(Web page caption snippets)
• • • • • • •

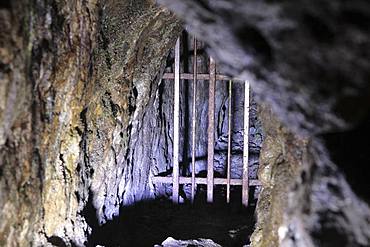 Iwami Ginzan Silver Mine, Shimane Prefecture, Japan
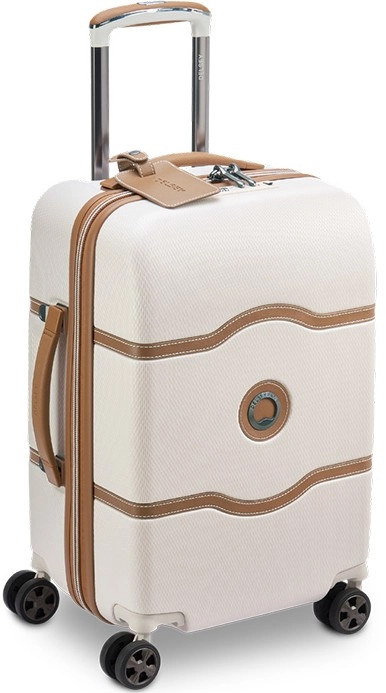 Delsey Chatelet Air 2.0 Trolley in Angora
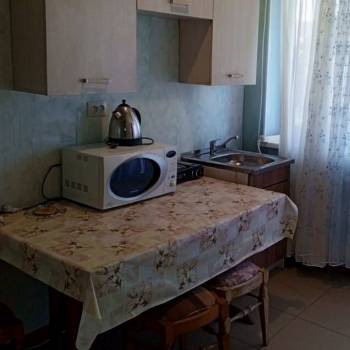 Сдается 1-комнатная квартира, 24 м²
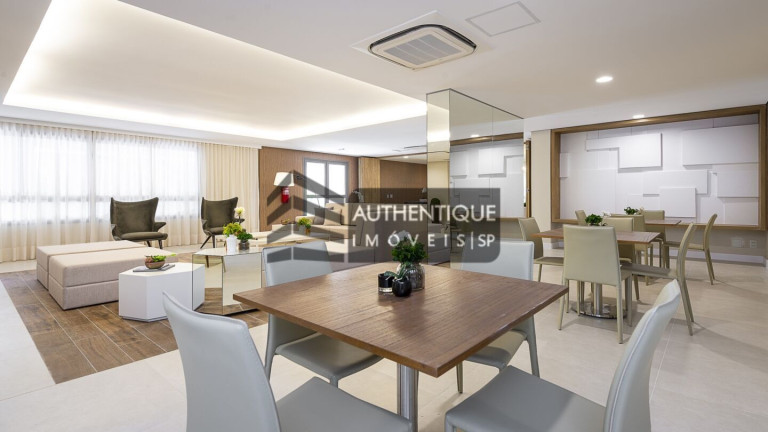 Imagem Apartamento com 3 Quartos à Venda, 95 m² em Vila Mariana - São Paulo Imagem Apartamento com 3 Quartos à Venda, 95 m² em Vila Mariana - São Paulo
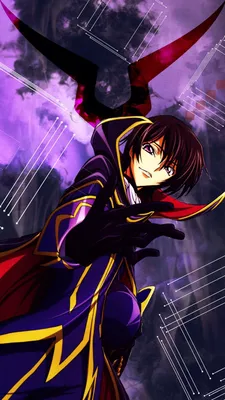 codegeass #codegeasslelouchoftherebellion #lelouch #lelouchlamperouge #lelouchvibritannia #zero #geass #a… | Код гиас обои, Код гиас, Lelouch lamperouge картинки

• • • • • • •

- WHAT IS NEEDED: Once the pictures are set aside, reproduce the records in full and exactly.

- EXERCISE RESPONSE:
 Iwami Ginzan Silver Mine, Shimane Prefecture, Japan
 Delsey Chatelet Air 2.0 Trolley in Angora
 Сдается 1-комнатная квартира, 24 м²
 Imagem Apartamento com 3 Quartos à Venda, 95 m² em Vila Mariana - São Paulo Imagem Apartamento com 3 Quartos à Venda, 95 m² em Vila Mariana - São Paulo
 codegeass #codegeasslelouchoftherebellion #lelouch #lelouchlamperouge #lelouchvibritannia #zero #geass #a… | Код гиас обои, Код гиас, Lelouch lamperouge картинки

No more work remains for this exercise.